What the task requires: Quote the whole listing exactly. Leave the pictures out of your copy.

Raw data:

Start of Block

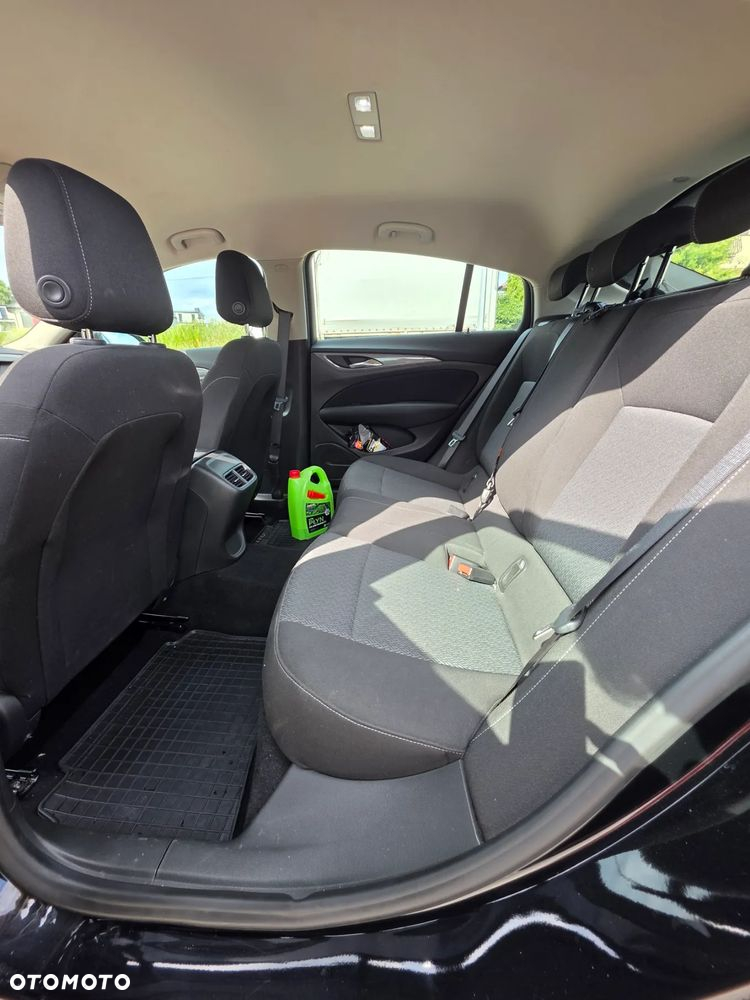 Opel Insignia - 22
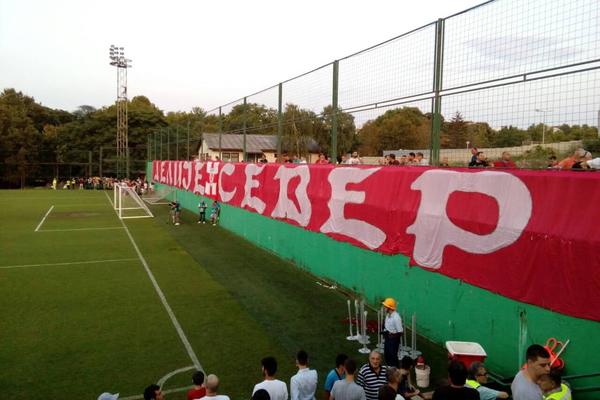 ZVEZDA SA NAVIJAČIMA NA SALCBURG!!! (FOTO)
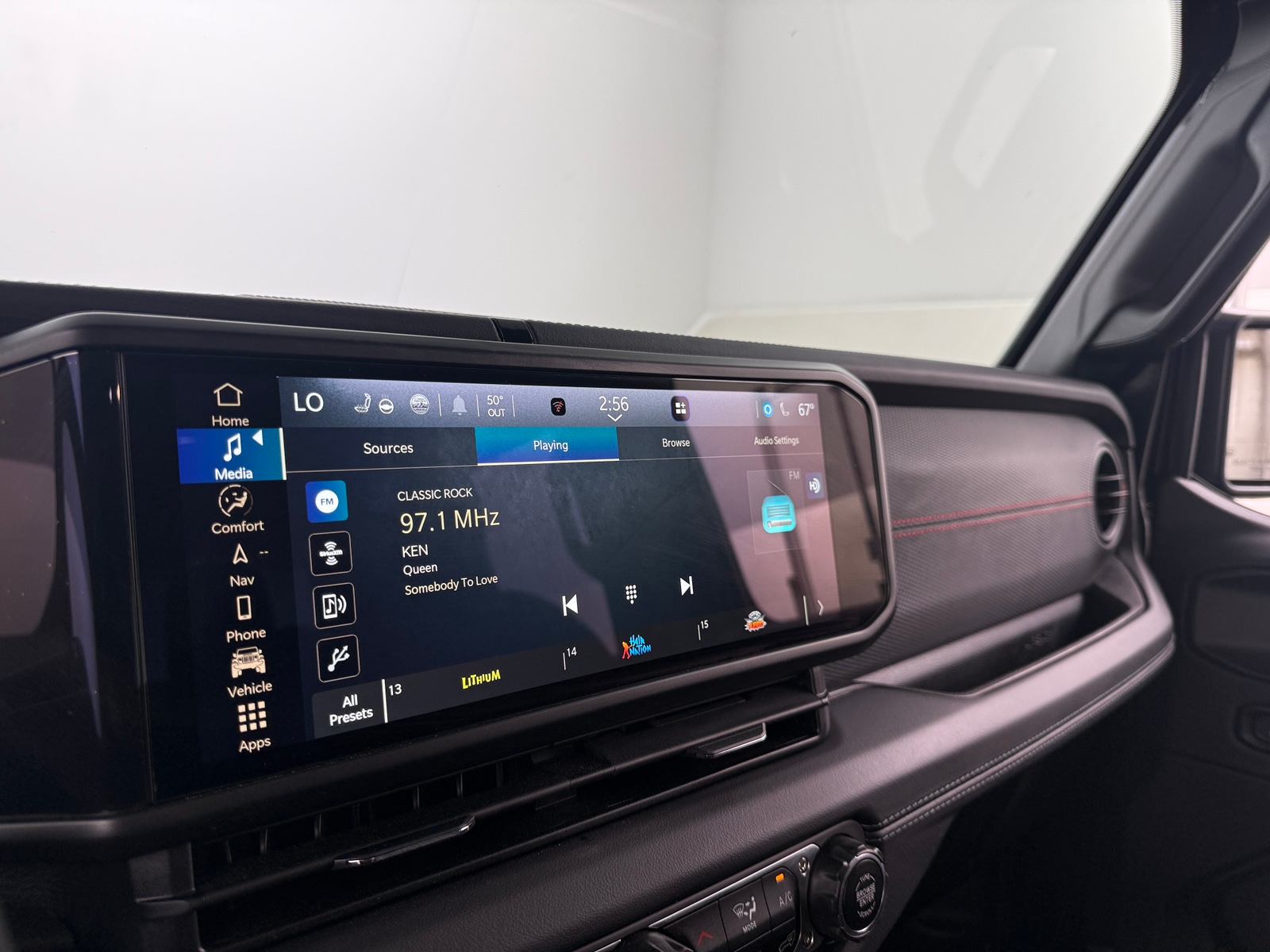 Thumbnail: 2025 Jeep Gladiator - 3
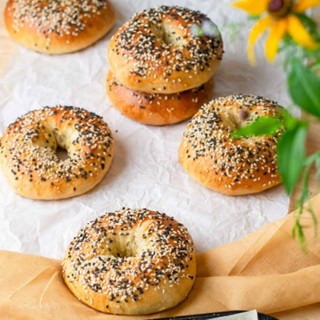 Black &amp; White Sesame Bagels  4pcs. (100g/pc) เบเกิ้ลหน้างาดำขาว 4 ชิ้น ขนาด ( 100g/ชิ้น)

End of Block

Written answer:
 Opel Insignia - 22
 ZVEZDA SA NAVIJAČIMA NA SALCBURG!!! (FOTO)
 Thumbnail: 2025 Jeep Gladiator - 3
 Black &amp; White Sesame Bagels  4pcs. (100g/pc) เบเกิ้ลหน้างาดำขาว 4 ชิ้น ขนาด ( 100g/ชิ้น)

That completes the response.